Start of EXCERPTED RECORDS

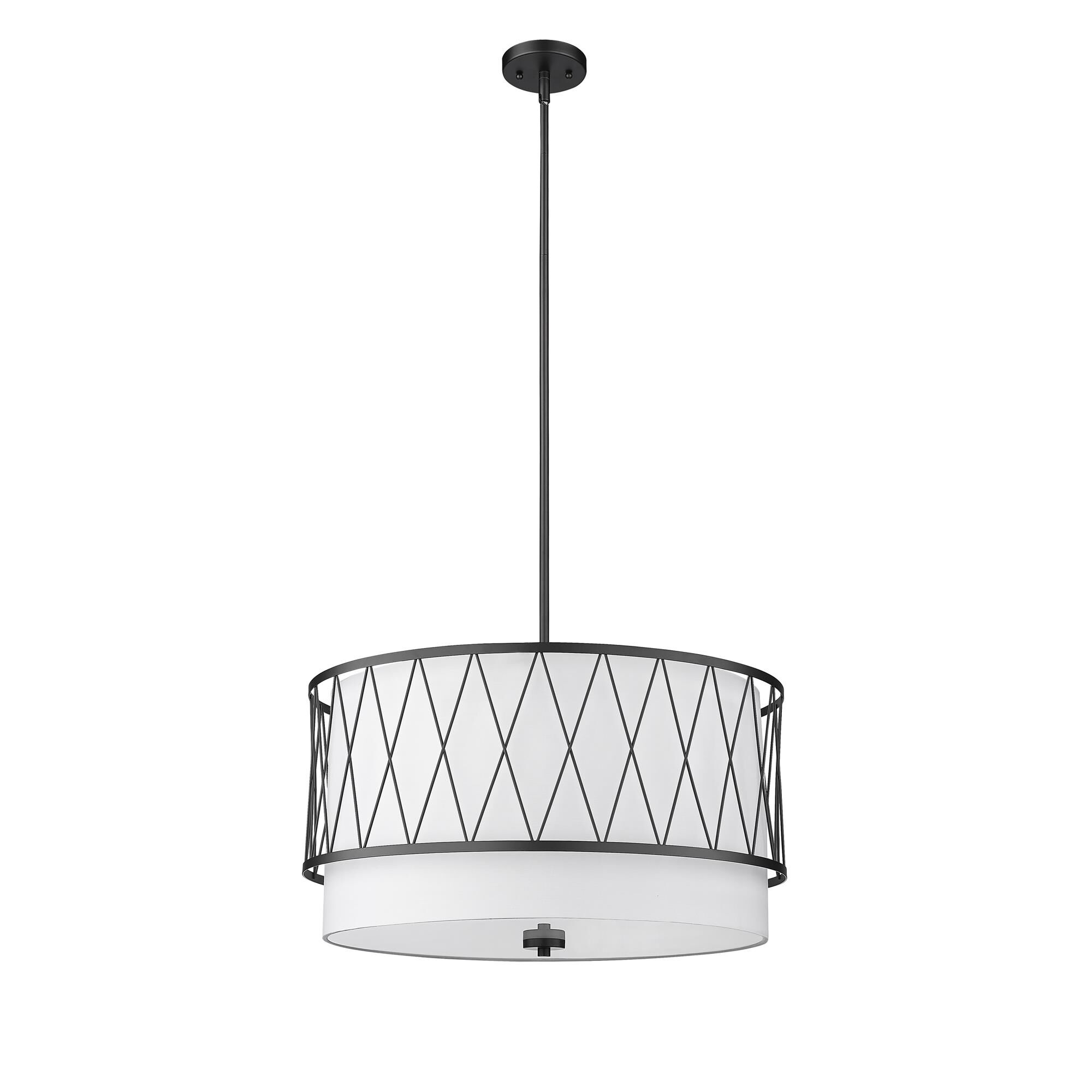 Shown in Matte Black finish and White glass and White shade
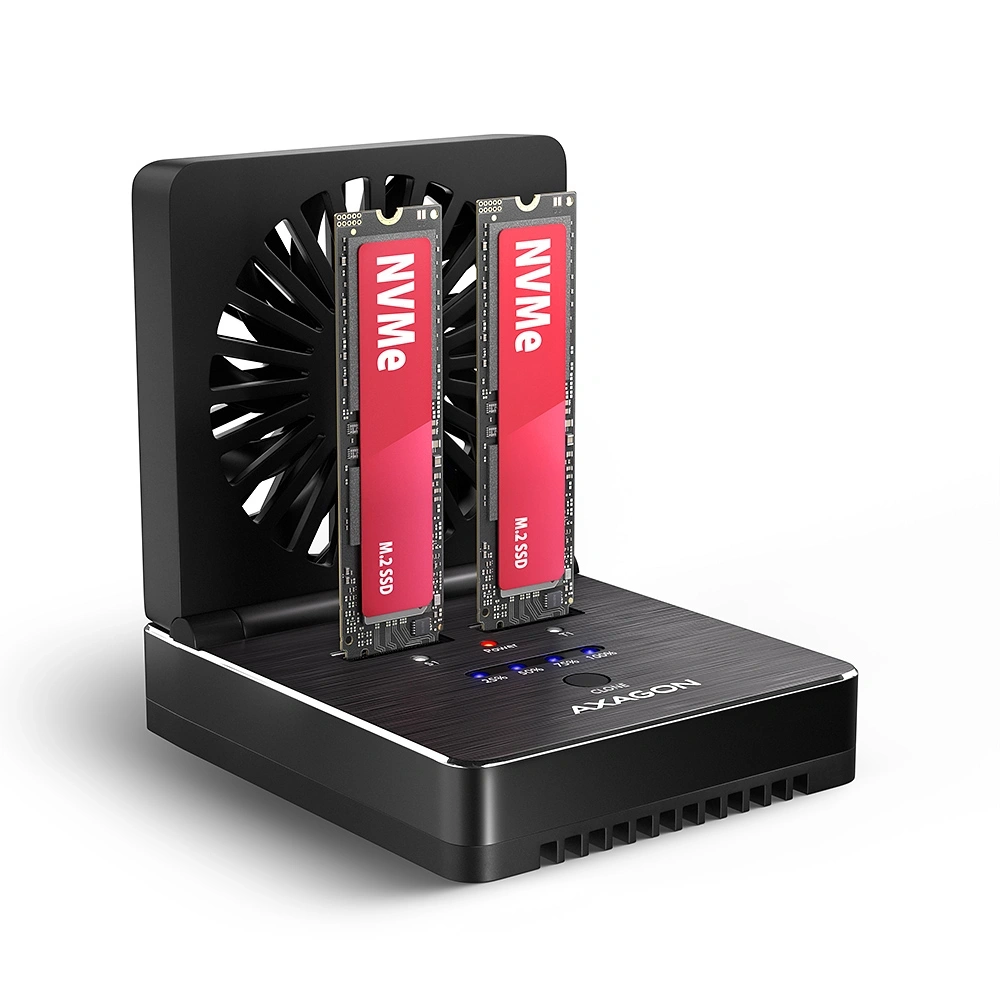 Axagon ADSA-M2C22 USB-C 20Gbps dokkolóállomás 2x M.2 NVMe / SATA SSD-hez, PC nélküli lemezklónozási funkcióval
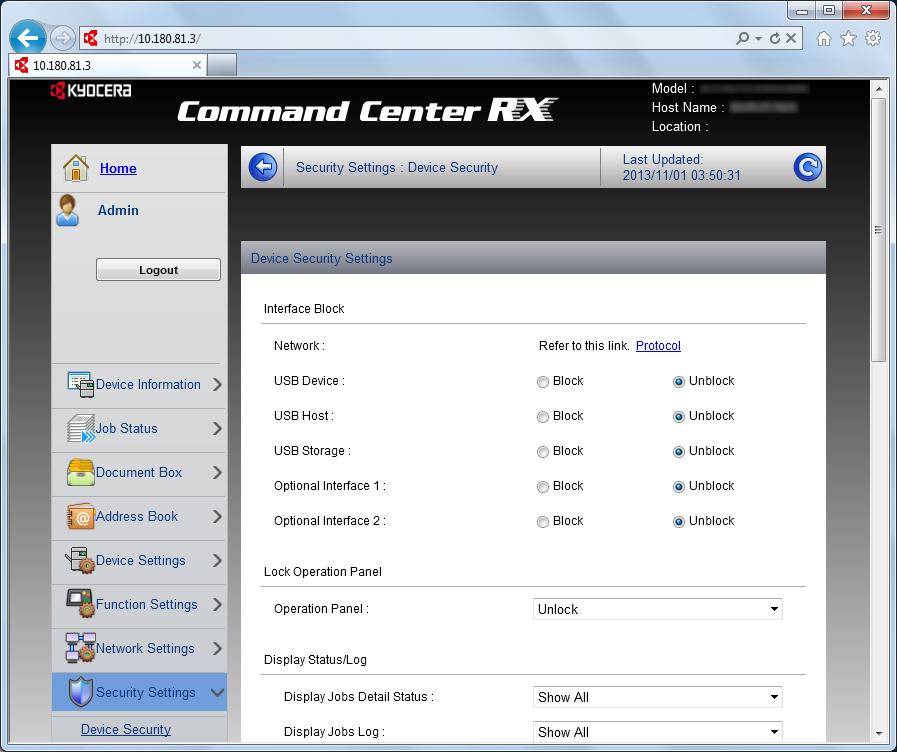 Makinenin Kurulması ve Ayarlanması > Command Center RX 2 Güvenlik ayarlarını yapılandırın.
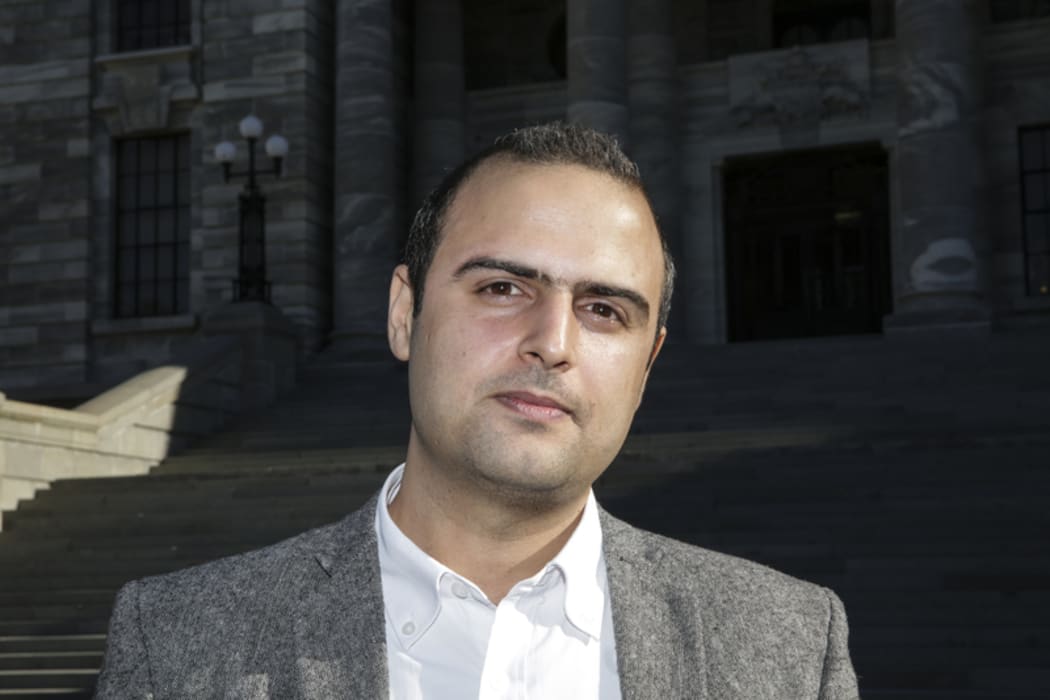 Karam Sharr is Syrian refugee who spoke at the protest outside Parliament.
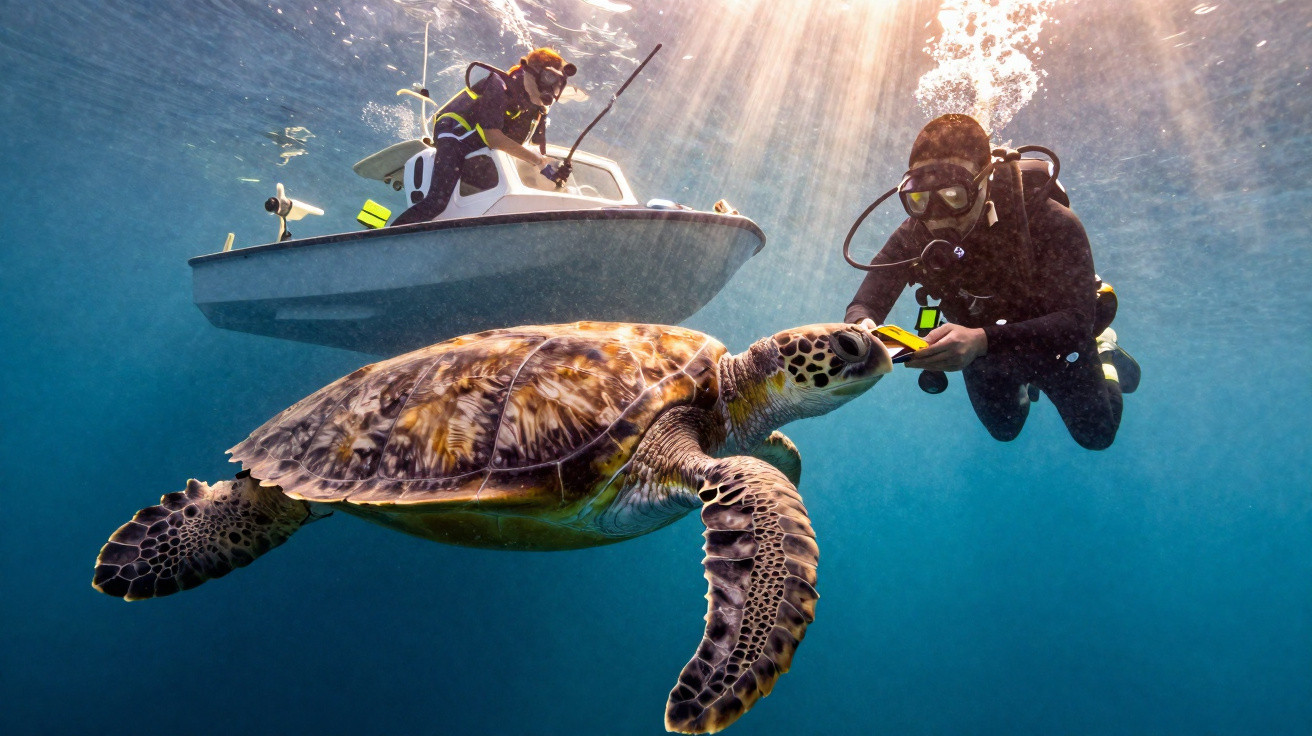 Taucher füttert eine Meeresschildkröte unter Wasser, im Hintergrund Boot und Sonnenstrahlen.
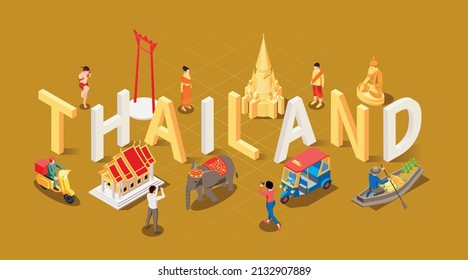 Thailand touristic isometric composition with 3d text surrounded by thai locals traditional transport buildings and tourists vector illustration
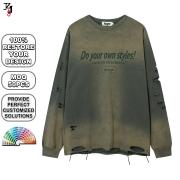 YT1157 Custom Gradient Vintage Wash Rip Long Sleeve Tee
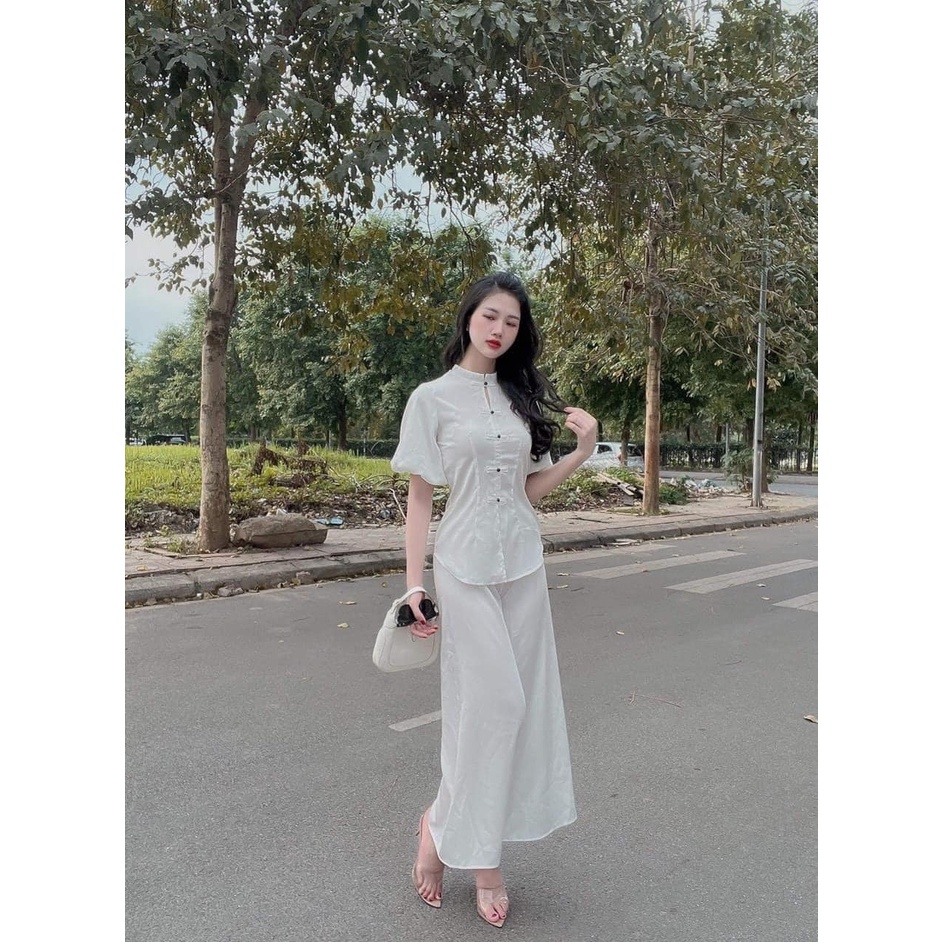 Đồ Lam Đi Chùa Nữ - Bộ Đi Lễ Chùa Đẹp Cao Cấp Trang Nhã Vải Lụa Cát Tay Phồng - AL040+
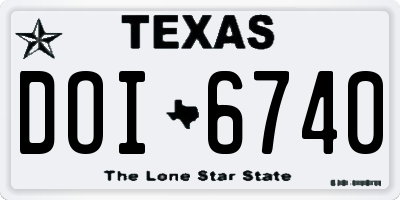 TX license plate DOI6740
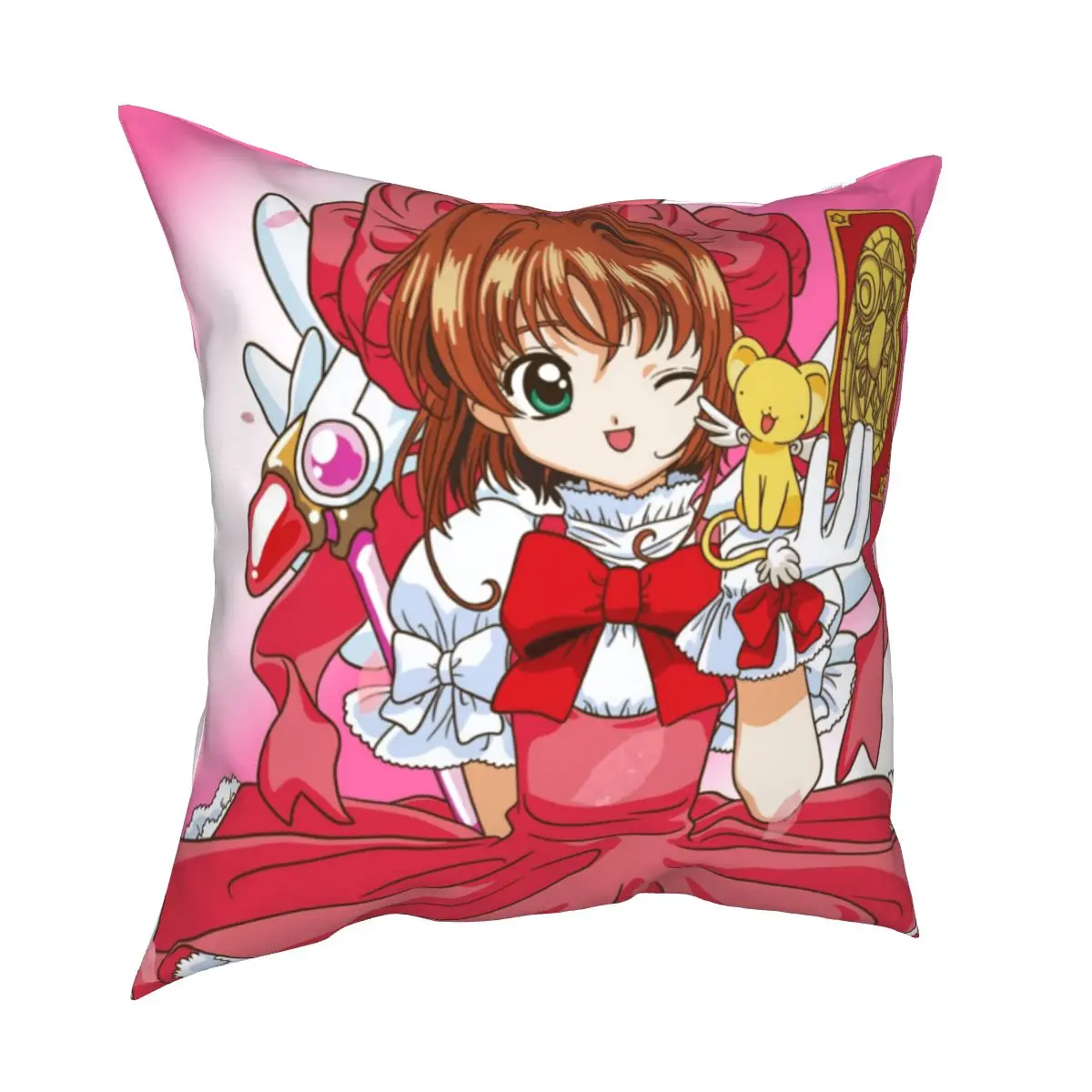 

Cardcaptor Sakura наволочка с аниме, чехол для подушки, подарок, милый чехол для подушки Sakura Kinomoto Keroberos японская манга, домашняя наволочка 40x40 см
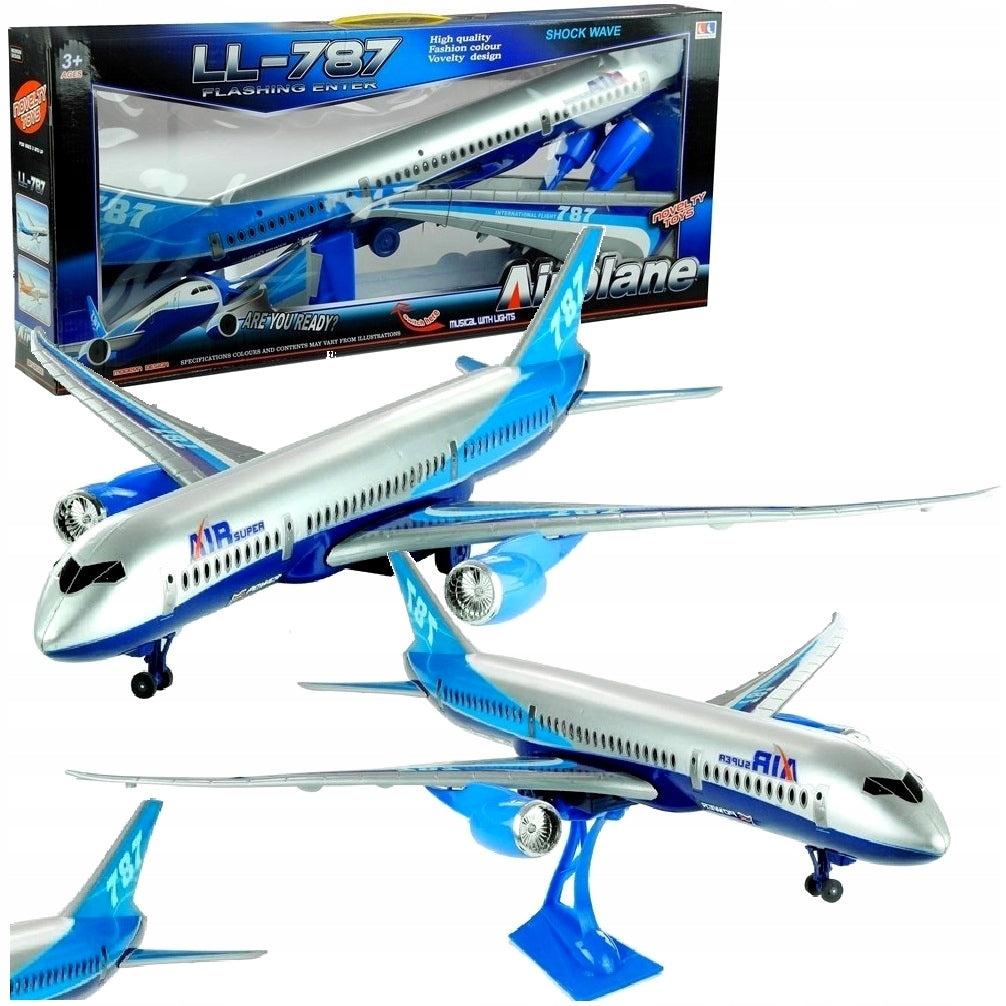 Großes Flugzeug mit Ständer, 69 cm, blau 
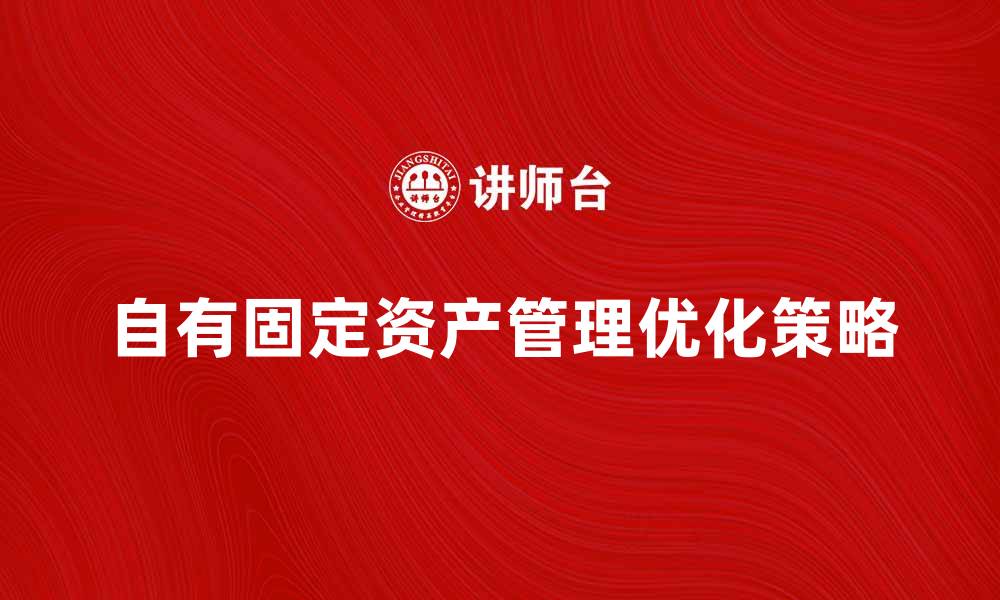 文章自有固定资产管理的重要性与优化策略解析的缩略图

End of EXCERPTED RECORDS

__DIRECTIONS__. What is needed is an exact copy of only the lines above from the one with "Makinenin Kurulması ve" to the one with "Cardcaptor Sakura наволочка", both kept, with every picture left out.

__YOUR RESPONSE__.
 Makinenin Kurulması ve Ayarlanması > Command Center RX 2 Güvenlik ayarlarını yapılandırın.
 Karam Sharr is Syrian refugee who spoke at the protest outside Parliament.
 Taucher füttert eine Meeresschildkröte unter Wasser, im Hintergrund Boot und Sonnenstrahlen.
 Thailand touristic isometric composition with 3d text surrounded by thai locals traditional transport buildings and tourists vector illustration
 YT1157 Custom Gradient Vintage Wash Rip Long Sleeve Tee
 Đồ Lam Đi Chùa Nữ - Bộ Đi Lễ Chùa Đẹp Cao Cấp Trang Nhã Vải Lụa Cát Tay Phồng - AL040+
 TX license plate DOI6740

Cardcaptor Sakura наволочка с аниме, чехол для подушки, подарок, милый чехол для подушки Sakura Kinomoto Keroberos японская манга, домашняя наволочка 40x40 см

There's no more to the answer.